14. The computing system of claim 13, wherein the recency of access scheme is associated with a least recently used (LRU) pointer and a most recently used (MRU) pointer contained in the control block.
15. The computing system of claim 14, wherein the recency of access scheme is associated with the controller being configured to move a recency node of a recently accessed physical page of the plurality of physical pages toward the MRU pointer.
16. The computing system of claim 13, wherein to allocate the portion of the quantity of available memory to the process, the controller is further configured to:
determine a free list of machine-physical pages in the one or more memories;
map the portion to one or more pages of the free list of machine-physical pages; and
map the one or more pages of the free list to the plurality of physical pages.

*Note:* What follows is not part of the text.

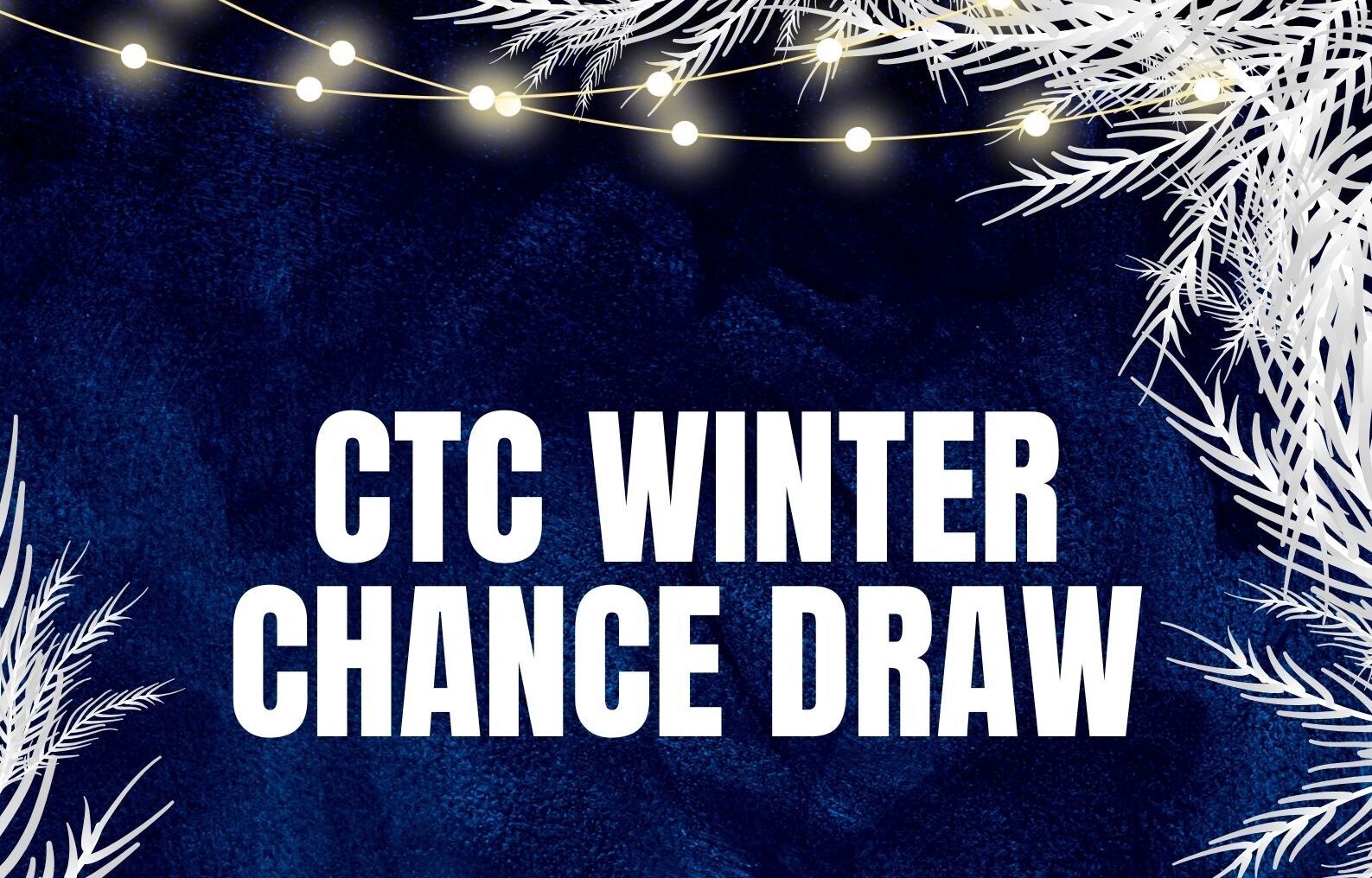 Blue Winter Party Club Poster - 1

17. The computing system of claim 13, wherein the controller is further configured to manage allocation of the one or more memories to a second process based on the one or more allocation objectives received from the OS, the second process being similar to the process, the controller configured to schedule compression between the process and the second process based at least in part on a round robin scheduling method.
18. The computing system of claim 13, wherein the plurality of OS-writeable objective fields comprises a total allocation objective field, a minimum uncompressed cache objective field, and an unused allocation objective field.
19. A method for managing allocation of one or more memories to a process based on one or more memory allocation objectives received from an operating system (OS), the method comprising:
determining a quantity of available memory in the one or more memories;
allocating a portion of the quantity of available memory to the process;
mapping the portion that is allocated to the process to a control block among a plurality of control blocks;
mapping a plurality of physical pages used by the process to the control block, the plurality of physical pages being associated with a memory managed by the OS; and
determining whether one or more physical pages of the plurality of physical pages should be compressed based at least in part on an OS-writeable objective field contained in the control block.
20. The method of claim 19, wherein the OS-writeable objective field contained in the control block comprises a selection of: a total allocation objective field, a minimum uncompressed cache objective field, or an unused allocation objective field.